Cette réinitialisation constante permet aux autorités de recommencer à zéro à chaque nouvelle votation et de ressasser sans vergogne le même vieux fond argumentatif. Les promesses et les menaces utilisées pour promouvoir la signature du traité sur l’Espace économique européen furent reprises telles quelles contre l’initiative sur l’immigration de masse ainsi que pour la loi sur les armes. On les recycle aujourd’hui en faveur de l’Accord-cadre. Et on nous les présente à chaque fois comme des arguments nouveaux issus de profondes et originales réflexions.
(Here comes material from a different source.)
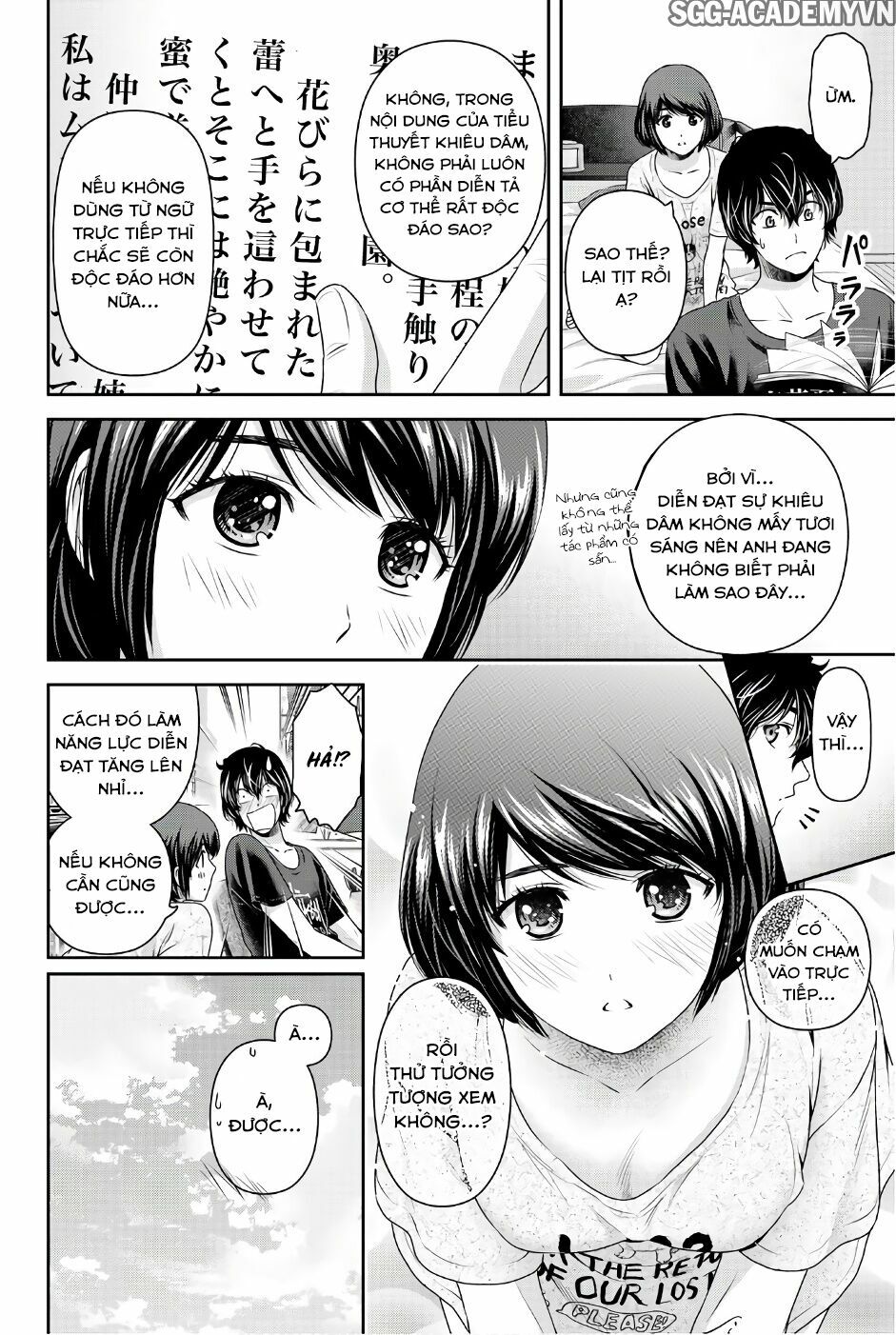 Bạn Gái Chung Nhà: Chapter 172: Thử thách mới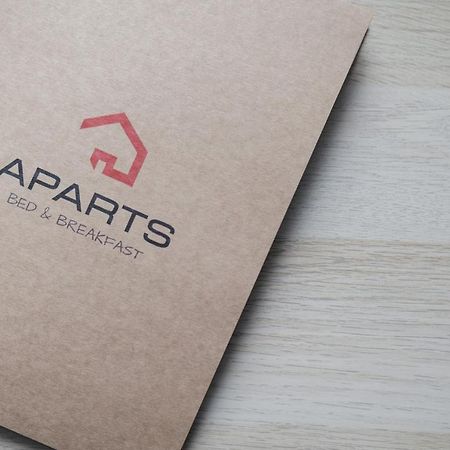 Aparts Biznes Łódź Exterior foto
C’est peut-être ça, la «pensée unique», cette philosophie unanimiste qui englobe les différences et les différends dans la perspective d’un futur inévitable.

Et puis, il y a ceux qui refusent cette croyance à un monde où tout change tout le temps. Sans toujours le formuler intellectuellement, ils sentent qu’il existe une essence des choses et que l’être humain, sous toutes les latitudes et à toutes les époques, conserve des caractéristiques essentielles, sa nature communautaire et hiérarchique, sa capacité de jugement et d’action libres, son besoin de permanence familiale, de stabilité des mœurs et des lois. C’est de ceux-là que vient le désamour à l’égard d’une presse qui néglige ou méprise ces réalités, tout en prétendant en rendre compte.

C’est aussi ce qui motive la publication obstinée de quelques feuilles et sites, de gauche, de droite ou d’ailleurs, qui, eux aussi, sont unanimes sous leurs désaccords. Ils partagent cette certitude commune qu’une vérité profonde et durable, emportant l’esprit et cadrant l’action, peut surgir du choc honnête des arguments.

Notes:

1  Publication hebdomadaire numérique et papier, www.antipresse.net.